Choosing the algorithm

This section offers some suggestions on how to choose the clustering algorithm suitable for specific input data.

Algorithms to choose from

Carrot2 comes with a number of clustering algorithms of varying performance and quality characteristics. There is also Lingo3G, a fast highly-tunable commercial algorithm that seamlessly integrates with Carrot2.

Lingo

The Lingo algorithm employs term-document matrix dimensionality reduction techniques to figure out the structure of topics present in the input. The algorithm is reasonably fast and nicely separates diverse topics into separate groups. This will typically be the default algorithm you may want to use.

STC

The key data structure in the STC algorithm is the Generalized Suffix Tree (GST) built for all input documents. The algorithm traverses the GST to identify words and phrases that occurred frequently in the input documents and merges sub-groups of documents with high overlap. The algorithm is very fast, even for large sets of documents, but suffers from the lack of cluster diversity.

Bisecting k-means

Bisecting k-means is an implementation of a generic cluster analysis technique, contrary to Lingo and STC which are text-specific. The algorithm attempts to recursively split the documents into smaller and smaller groups until the splits become unfeasible. The disadvantage of this algorithm is that it creates single-term labels, which are often subpar compared to phrase-based labels produced by STC or Lingo.

Lingo3G

Lingo3G is a commercial successor to the Lingo algorithm. The algorithm offers much higher performance, lower memory consumption and many more tuning options compared to Lingo. Please refer to Carrot Search Lingo3G web site for details.

Algorithm characteristics

The following table summarizes key characteristics of each algorithm available in Carrot2.

Feature Lingo STC k-means
Cluster diversity High, many small (outlier) clusters highlighted Low, small (outlier) clusters rarely highlighted Low, small (outlier) clusters rarely highlighted
Cluster labels Longer, often more descriptive Shorter, but still appropriate One-word only, may not always describe all documents in the cluster
Scalability Low. For more than about 1000 documents, Lingo clustering will take a long time and large memory. High Low, based on similar data structures as Lingo.
Overlapping clusters Yes. A document can belong to more than one cluster. Yes. A document can belong to more than one cluster. No. A document can belong to only one cluster.

A comparison of key characteristics of Carrot2 clustering algorithms.

Algorithm recommendations

It's quite difficult to give one clear recommendation as to which algorithm is "the best". The decision is influenced by multiple criteria such as performance or cluster label legibility.

Many people (including us) have a subjective feeling that the Lingo-family of algorithms (Lingo and Lingo3G) delivers more intuitive and diverse clusters compared to other algorithms. Sometimes it is other characteristics, such as performance or cluster structure, that should be taken into account.

With this in mind, the following table lists the scenarios for which the specific algorithm is best suited.
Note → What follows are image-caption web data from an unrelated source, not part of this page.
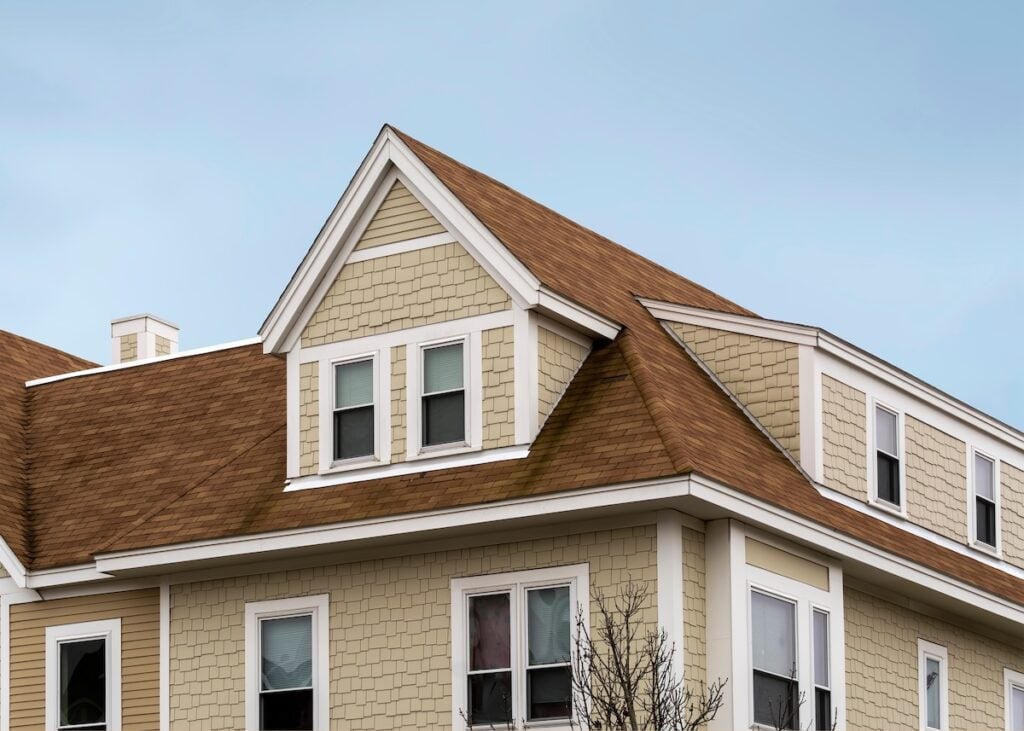 Dormer windows on the sloped shingle roof of a newly built house USA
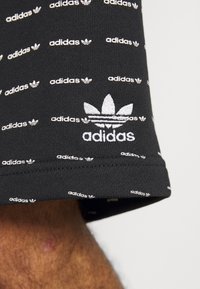 Svarta shorts med ett upprepande mönster av vit Adidas-logotyp, tillverkade av mjukt tyg med en broderad logotyp på fållen.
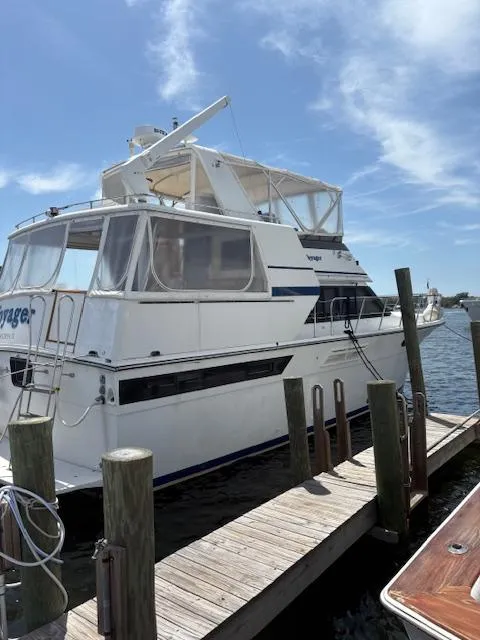 Slide: The Image of 1990 Californian 45 Motor Yacht docked under clear blue sky. - 14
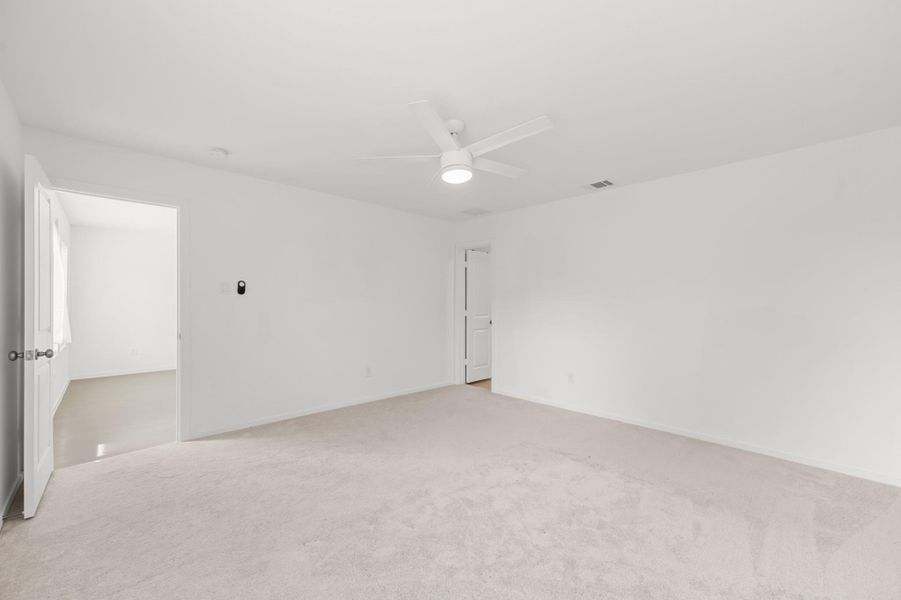 Additional view of the primary bedroom showcases its generous proportions and direct connection to the adjoining spaces. Additional view of the primary bedroom showcases its generous proportions and direct connection to the adjoining spaces.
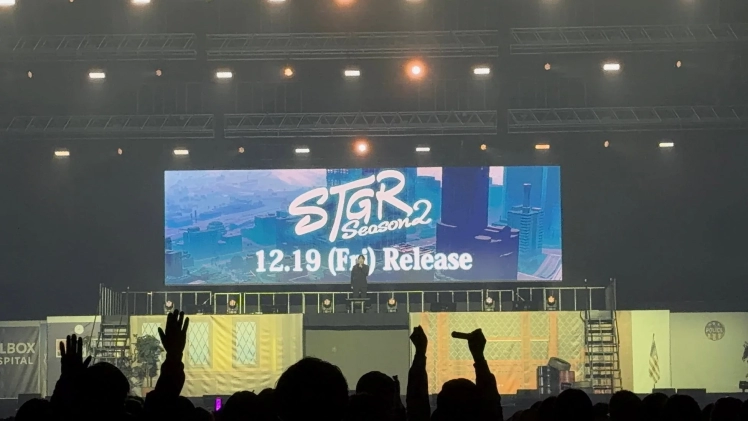 イベント会場でSTGR Season 2のリリースが発表されている様子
Requirement Use Lingo Use STC Use k-means Consider Lingo3G
Well-formed longer labels required
Highlighting of small (outlier) clusters required
High clustering performance or large document set processing required
Need non-overlapping clusters

Optimum usage scenarios for Carrot2 clustering algorithms.

While the table above can be useful to determine which algorithm to choose, the ultimate judgment should be based on an empirical evaluation with your specific documents Make sure to also have a look at performance tuning, and quality tuning tips.